6月契約、1万~1万8千円 鉄スクラップ高で

電炉大手の東京製鉄は17日、鋼材の6月契約価格を全品種で引き上げると発表した。熱延鋼板やH形鋼などを5月契約分に比べて1トン1万~1万8千円引き上げる。主原料となる鉄スクラップの高騰や海外価格の上昇などの影響を反映する。全品種の値上げは1月分以来、5カ月ぶり。

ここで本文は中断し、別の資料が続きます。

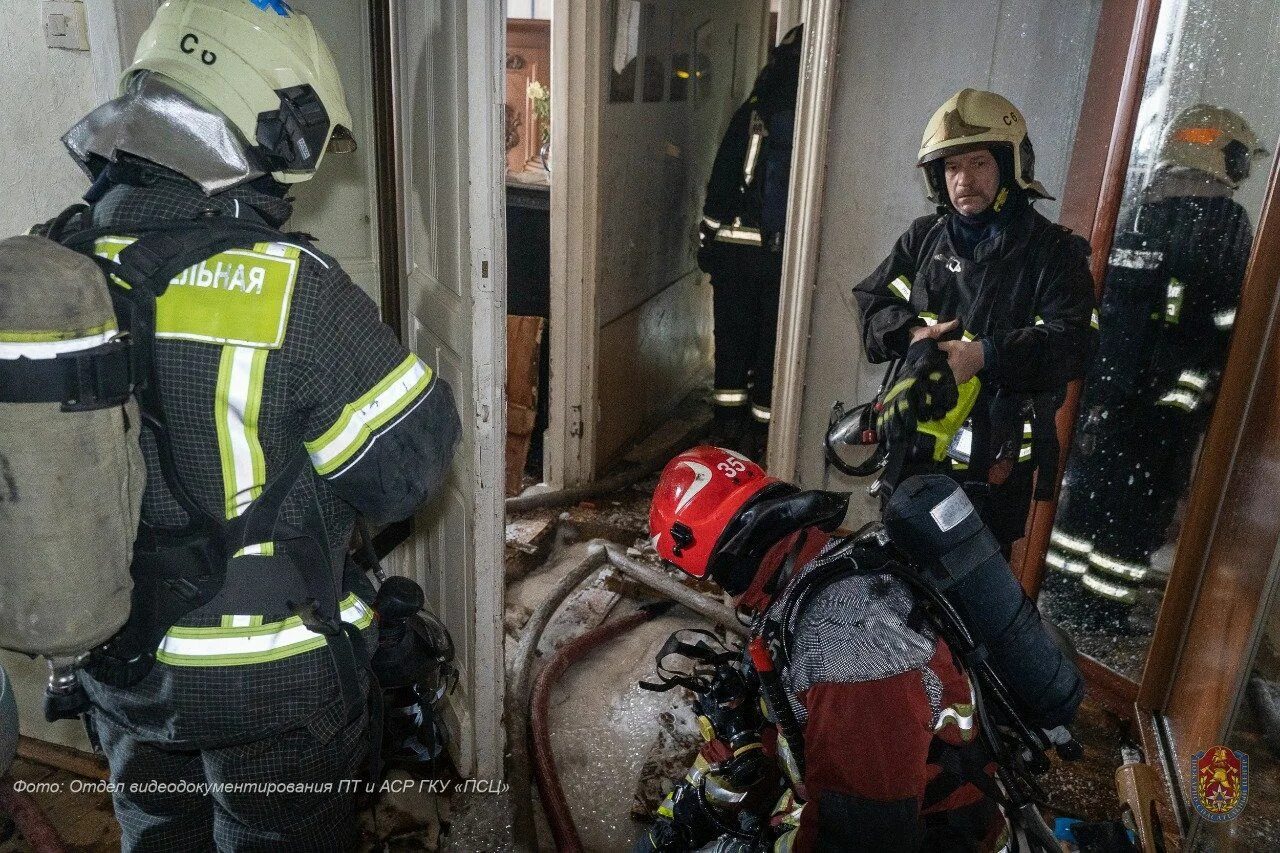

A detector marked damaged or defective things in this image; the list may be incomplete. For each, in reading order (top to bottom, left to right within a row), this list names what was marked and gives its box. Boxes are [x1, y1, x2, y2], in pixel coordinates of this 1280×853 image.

damaged doorframe [544, 0, 604, 486]
damaged doorframe [764, 0, 844, 480]
fire-damaged wall [792, 0, 1104, 524]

6月価格は、需給が逼迫する鋼板類のうち熱延鋼板が1トン11万4千円、ホットコイルが同11万円とそれぞれ前月分から1万6千円(16~17%)引き上げる。特に品薄感が強いとされる酸洗鋼板は同12万3千円と前月比1万8千円(17%)上げる。1万8千円の値上げ幅は全品目を通じて過去最大という。

国内での建築需要の弱さから5月分まで4カ月連続で据え置いていたH形鋼も1万円(11%)上げ、同10万3千円とした。

電炉メーカーが主原料とする鉄スクラップは、国内での発生減や中国での需要増などから取引価格が高騰している。標準品種「H2」は4月初旬からおよそ2割高く、12年9カ月ぶりの高値圏にある。東鉄の今村清志常務は「値上がりペースは想定よりも速く、幅も大きい。(製品価格への)大幅な転嫁が必須な状況だ」と話す。

値上げは海外市場との価格差を縮めることも念頭に置いている。ただ、国内の需要は建材系を中心に力強さを欠き、流通業者は販売価格への転嫁に苦慮している。